Goal of the exercise: Apart from the pictures, reproduce the data below exactly as it stands.

Segment Open

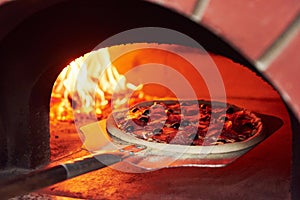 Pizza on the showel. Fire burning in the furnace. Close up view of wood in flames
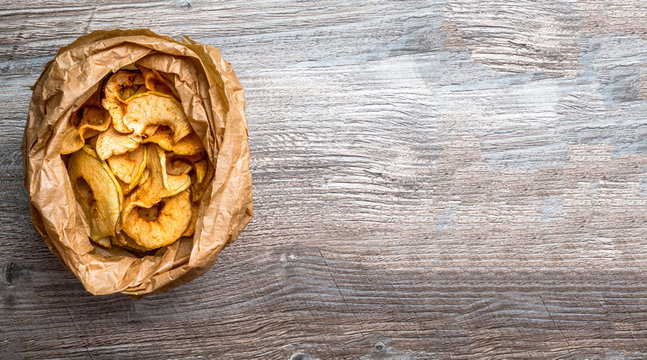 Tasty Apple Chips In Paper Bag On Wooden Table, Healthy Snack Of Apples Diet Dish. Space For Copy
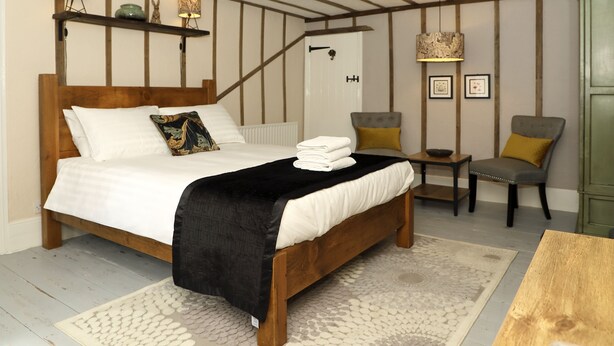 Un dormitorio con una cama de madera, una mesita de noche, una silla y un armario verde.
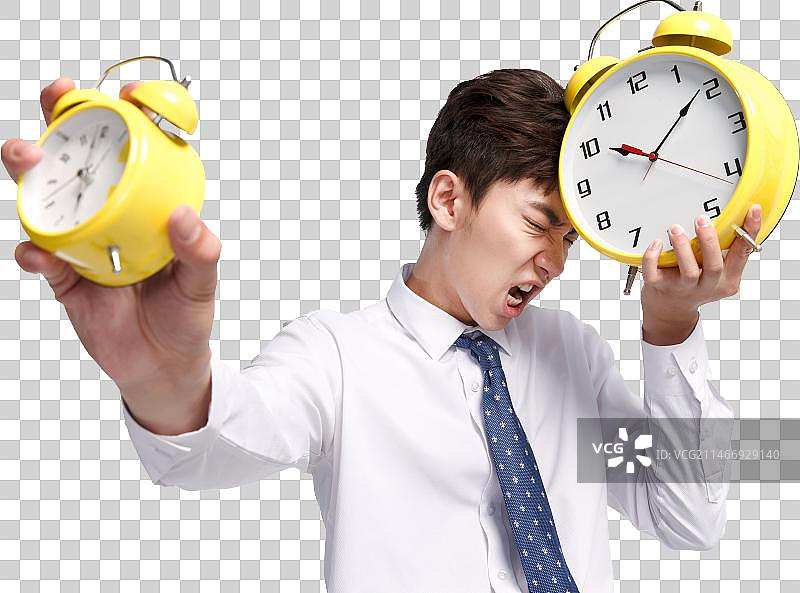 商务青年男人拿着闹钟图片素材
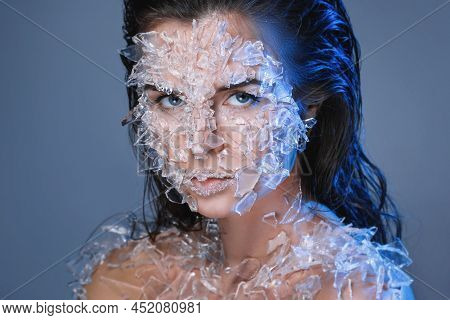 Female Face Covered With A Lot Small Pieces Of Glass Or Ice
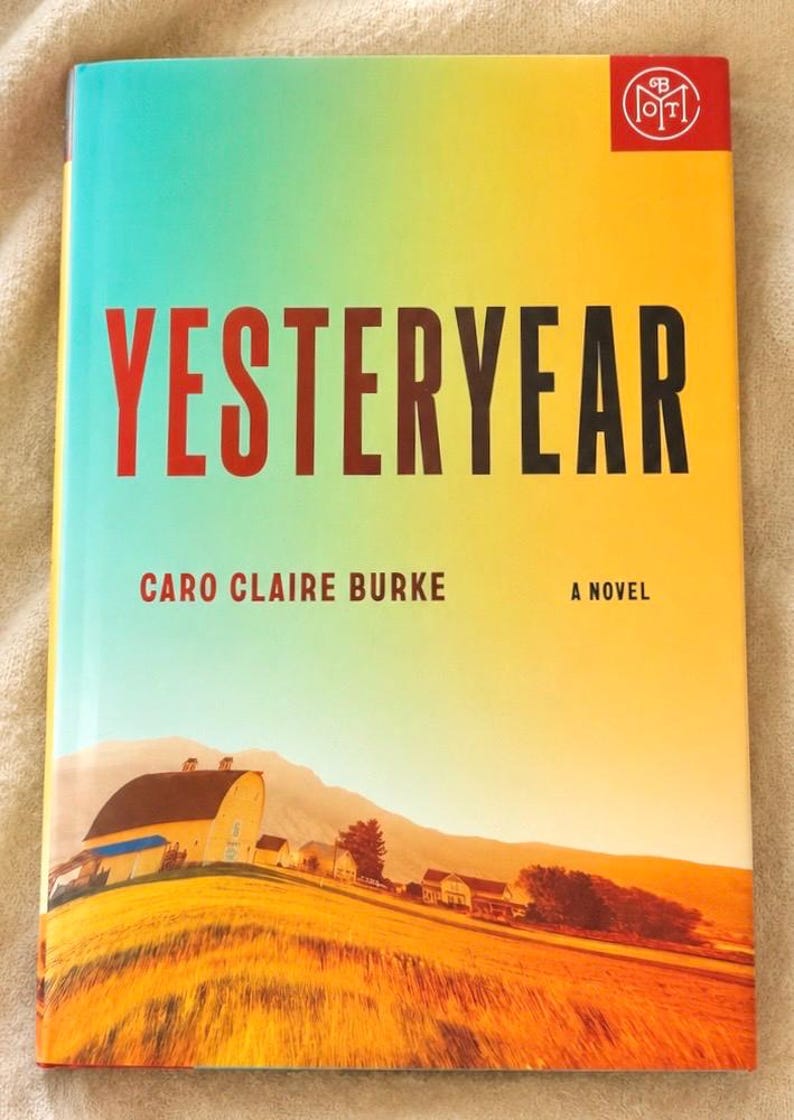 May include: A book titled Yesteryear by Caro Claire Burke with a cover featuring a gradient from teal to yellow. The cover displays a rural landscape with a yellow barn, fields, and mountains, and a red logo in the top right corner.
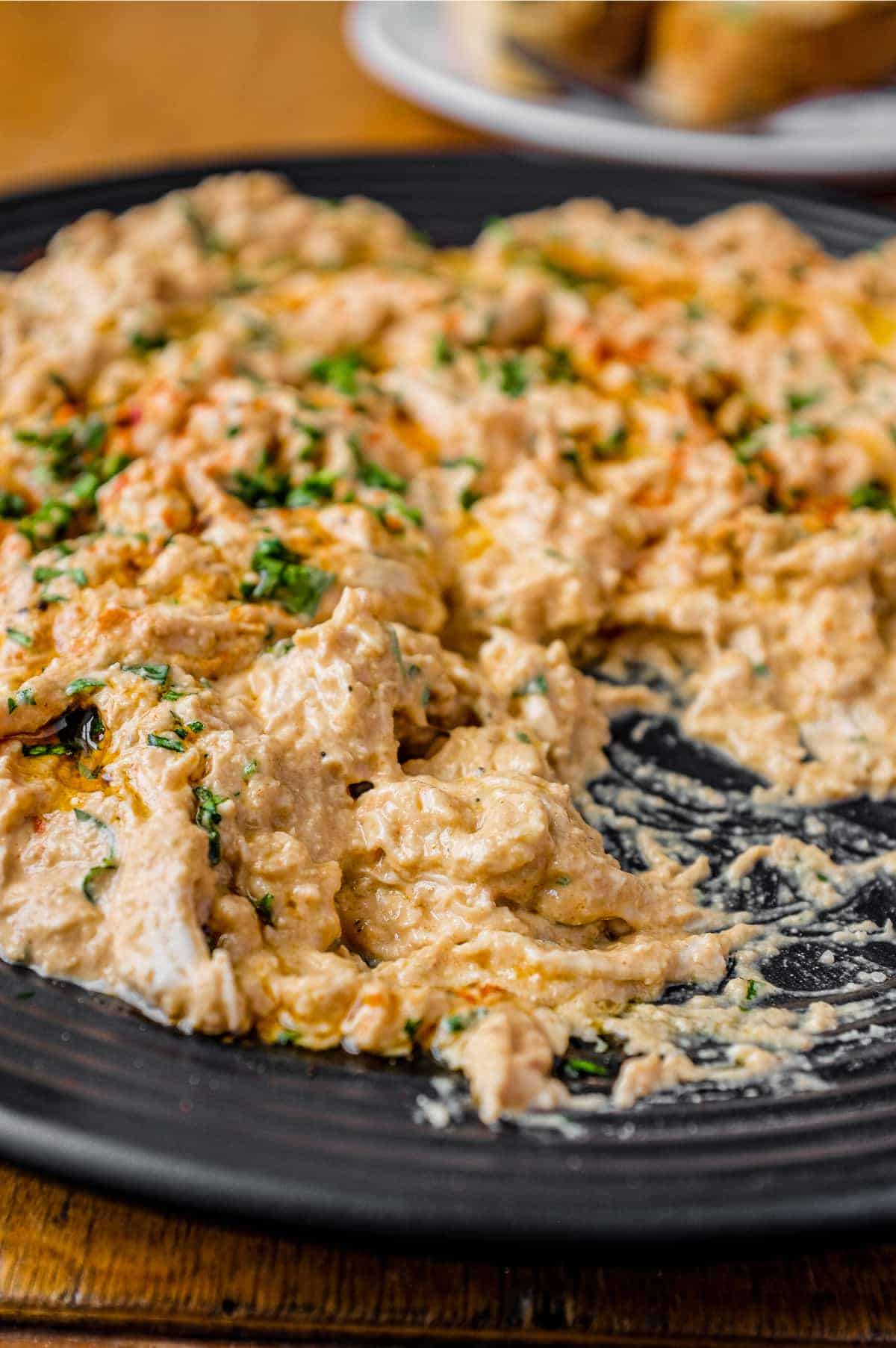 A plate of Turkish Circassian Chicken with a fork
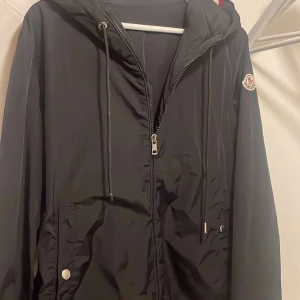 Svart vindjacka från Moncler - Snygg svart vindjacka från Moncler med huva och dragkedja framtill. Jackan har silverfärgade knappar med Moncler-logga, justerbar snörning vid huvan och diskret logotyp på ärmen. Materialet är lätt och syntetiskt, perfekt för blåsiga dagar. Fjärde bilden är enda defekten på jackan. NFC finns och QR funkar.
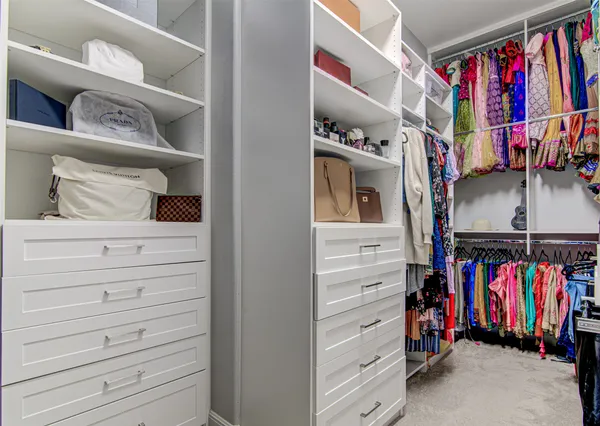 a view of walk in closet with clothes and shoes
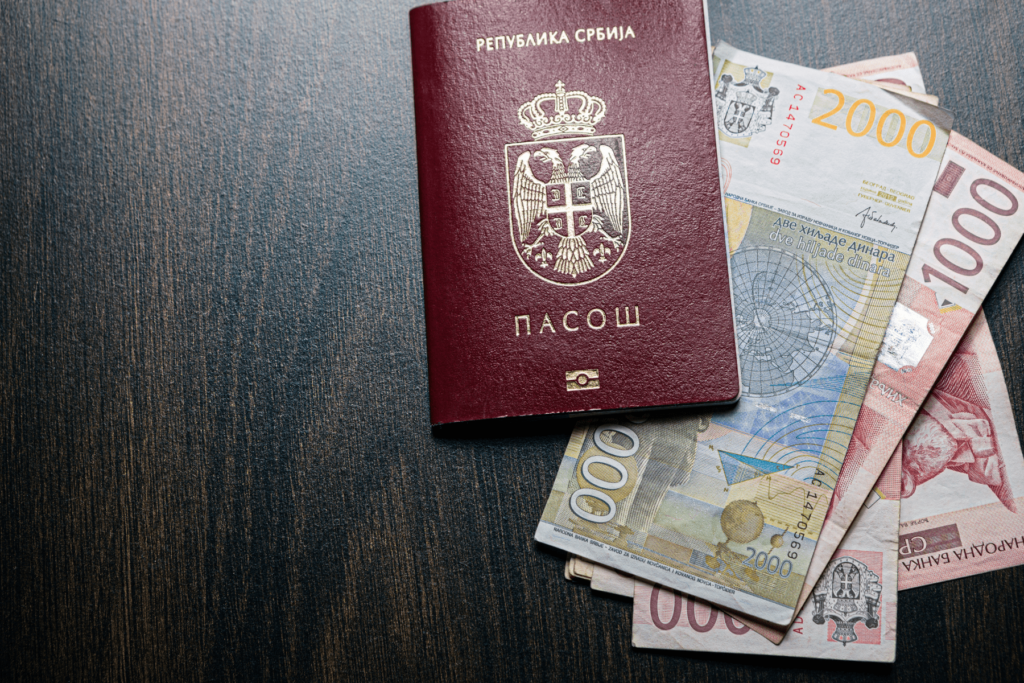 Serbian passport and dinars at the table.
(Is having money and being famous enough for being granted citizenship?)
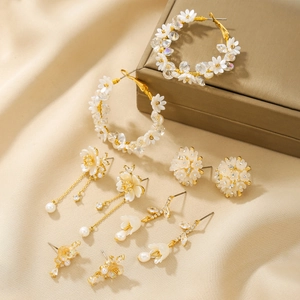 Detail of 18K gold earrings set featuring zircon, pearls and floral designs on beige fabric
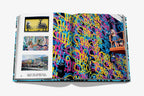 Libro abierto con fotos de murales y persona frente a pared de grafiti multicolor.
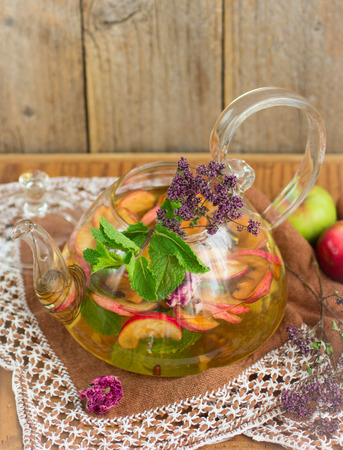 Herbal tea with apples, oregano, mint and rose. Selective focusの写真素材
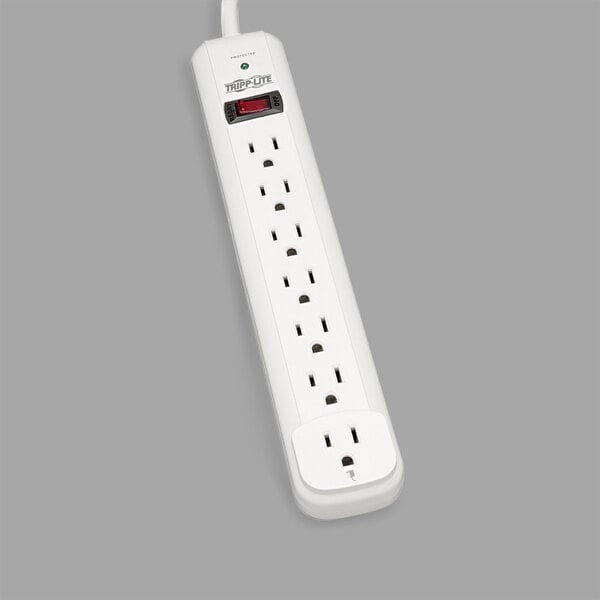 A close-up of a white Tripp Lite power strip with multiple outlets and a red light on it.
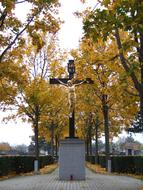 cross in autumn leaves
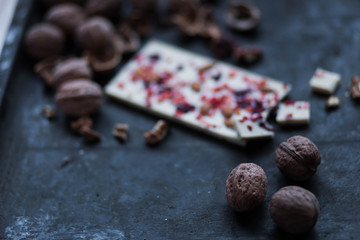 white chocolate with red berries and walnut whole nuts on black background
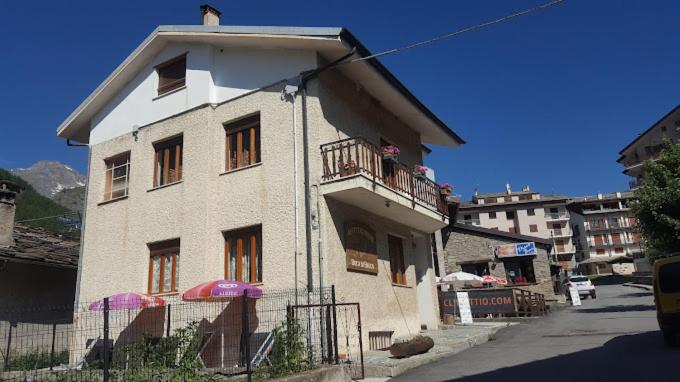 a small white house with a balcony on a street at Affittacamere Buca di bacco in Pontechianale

Segment Closed

Exercise solution:
 Pizza on the showel. Fire burning in the furnace. Close up view of wood in flames
 Tasty Apple Chips In Paper Bag On Wooden Table, Healthy Snack Of Apples Diet Dish. Space For Copy
 Un dormitorio con una cama de madera, una mesita de noche, una silla y un armario verde.
 商务青年男人拿着闹钟图片素材
 Female Face Covered With A Lot Small Pieces Of Glass Or Ice
 May include: A book titled Yesteryear by Caro Claire Burke with a cover featuring a gradient from teal to yellow. The cover displays a rural landscape with a yellow barn, fields, and mountains, and a red logo in the top right corner.
 A plate of Turkish Circassian Chicken with a fork
 Svart vindjacka från Moncler - Snygg svart vindjacka från Moncler med huva och dragkedja framtill. Jackan har silverfärgade knappar med Moncler-logga, justerbar snörning vid huvan och diskret logotyp på ärmen. Materialet är lätt och syntetiskt, perfekt för blåsiga dagar. Fjärde bilden är enda defekten på jackan. NFC finns och QR funkar.
 a view of walk in closet with clothes and shoes
 Serbian passport and dinars at the table.
(Is having money and being famous enough for being granted citizenship?)
 Detail of 18K gold earrings set featuring zircon, pearls and floral designs on beige fabric
 Libro abierto con fotos de murales y persona frente a pared de grafiti multicolor.
 Herbal tea with apples, oregano, mint and rose. Selective focusの写真素材
 A close-up of a white Tripp Lite power strip with multiple outlets and a red light on it.
 cross in autumn leaves
 white chocolate with red berries and walnut whole nuts on black background
 a small white house with a balcony on a street at Affittacamere Buca di bacco in Pontechianale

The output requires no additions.